RAID | C
Authors: Aman Chadha, Ethan Grefe, Aditya Prakash
The goals for this project are:
• Develop better understanding of the specifics of different RAID implementations
• Analyze tradeoffs in RAID write strategies
• Understand data recovery strategies
In this system you will implement a software RAID manager implementing RAID 0 (striping), RAID 1 (mirroring), RAID 4 (fixed parity disk), and RAID 5 (floating parity), and RAID 10 (mirroring + striping). For each strategy, you will implement a RAID manager capable of normal mode operation (no failures), failed-mode operation (working with one failed disk), and recovery (restoring normal mode with a new disk).
Rather than assign each of you a set of real disks, we will instead work with virtual disks stored in ordinary files. Thus, we won't be able to accurately measure the performance impact of different RAID systems. Instead, we will simply count the number of accesses per disk and use that as a proxy for performance.
You will create a simulator program named raidsim.
Virtual disk array Please use the functions defined in disk-array.h. The file test.c shows how to use the functions. The block size for the project is defined in disk.h.
RAID 0 Blocks should be striped across disks, starting with the lowest numbered disk and increasing. Each disk gets a strip of blocks, which is one or more blocks. For example, with 3 disks and strip size of 2, disk 0 gets blocks 0-1 and 6-7, disk 1 gets blocks 2-3 and 8-9, and disk 3 gets blocks 4-5 and 10-11.

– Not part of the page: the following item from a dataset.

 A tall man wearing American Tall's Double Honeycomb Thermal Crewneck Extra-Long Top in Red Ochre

RAID 10 Blocks should be mirrored between pairs of disks and then striped across pairs of disks in strip units. Mirrors should be disk i and i+1. For example, with 4 disks and strip size 2, disks 0 and 1 get blocks 0-1 and 4-5, and disks 2 and 3 gets blocks 2-3 and 6-7.

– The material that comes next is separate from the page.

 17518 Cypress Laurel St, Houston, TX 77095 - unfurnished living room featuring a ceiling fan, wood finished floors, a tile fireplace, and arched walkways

RAID 4 Blocks should be striped in strip size units across the first n-1 disks, and disk n should receive the parity. For 4 disks and strip size 3, disk 0 gets blocks 0-2 and 9-11, disk 1 gets 2 blocks 3-5 and 12-14, disk 2 gets blocks 6-8 and 15-17. The parity disk gets the byte-wise XOR of the n-1 data disks. In this case, block 0 XOR block 3 XOR block 6, block 1 XOR block 4 XOR block 7, block 2 XOR block 5 XOR block 8 etc. For writes less than a full stripe, you can use additive (read the old blocks and compute new parity) or subtractive (read the old block and old parity) parity. For writes to a full stripe, just write out the data and new parity.
RAID 5 Blocks should be striped in strip size units across N disks, reserving one disk for parity. For the first strip, disk 0 should be used for parity, for the second disk 1 etc. For stripe, parity returns to disk 0. For example, with strip size 1 and 4 disks:
For writes less than a full stripe, you can use additive (read the old blocks and compute new parity) or subtractive (read the old block and old parity) parity. For writes to a full stripe, just write out the data and new parity.

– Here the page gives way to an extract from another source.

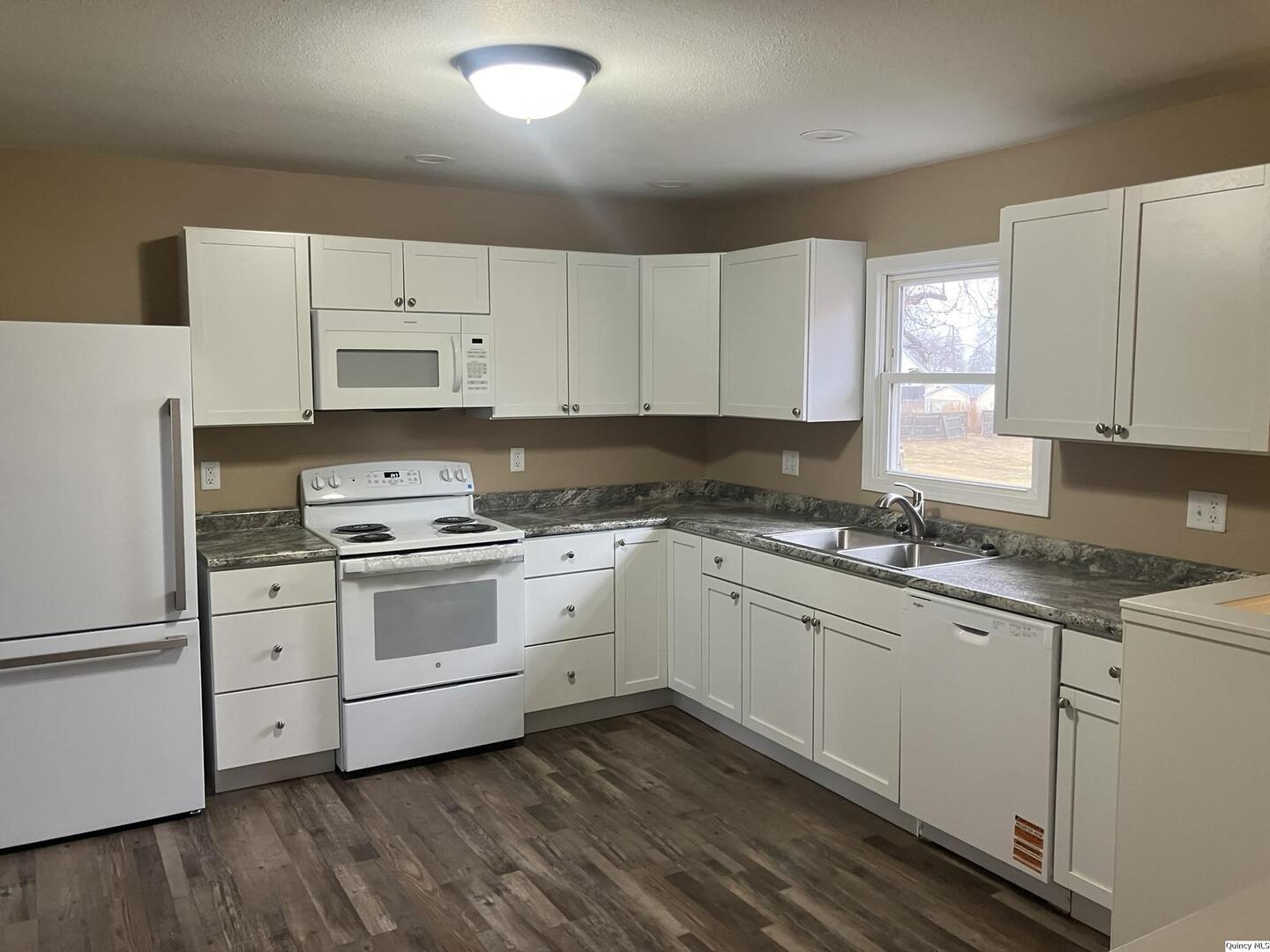 2525 Larch Road Quincy, IL 62301 - Photo 3 of 21 a kitchen with granite countertop white cabinets and white appliances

• -level [0|10|4|5] specifies the RAID level as 0, 10, 4, or 5
• -strip n specifies the number of blocks in a strip
• -disks n specifies the use of n disks. Some RAID levels may require an even number of disks (RAID 10) or more than 2 disks (RAID 4 and 5).
• -size n specifies the number of blocks per disk
• -trace filename specifies the name a file containing a trace of requests
• -verbose set the global variable "verbose" to 1 (defaults to 0)
All parameters are mandatory except "verbose". A sample command line:
raidsim -level 10 -strip 5 -disks 10 -size 10000 -trace input.txt
The trace file contains a sequence of lines with one command per line. There will be exactly one space between each word in a command. The commands can be:
• READ LBA SIZE - read starting at block LBA for SIZE blocks. Prints out the first 4 byte value in each block, separated by spaces on a single line.
• WRITE LBA SIZE VALUE - write the 4-byte pattern VALUE repeatedly starting at block LBA for SIZE blocks.
• FAIL DISK - make disk number DISK fail, so it cannot be read or written any more. No output.
• RECOVER DISK - make disk number DISK recover as a clean, empty disk that can be read or written. No output.
• END - last command in trace.
For each RAID type, your simulator should try to complete as much of a command as possible: return as much data as possible on a read and write as much data as possible on a write.
Your simulator should print the command line from the trace and then execute it, then print the desired output on the following line. After the END command, your simulator should call disk_array_print_stats() to print the statistics for the disks. On read errors, replace the value (which may be one of many in a set of blocks) with the word ERROR. Thus, a read may return a mix of values and an error. On write errors, print ERROR if any blocks of the write cannot be written.
For writes less than a full stripe, you can use additive (read the old blocks and compute new parity) or subtractive (read the old block and old parity) parity. For writes to a full stripe, just write out the data and new parity.
To help with evaluating the implementation, tests are included.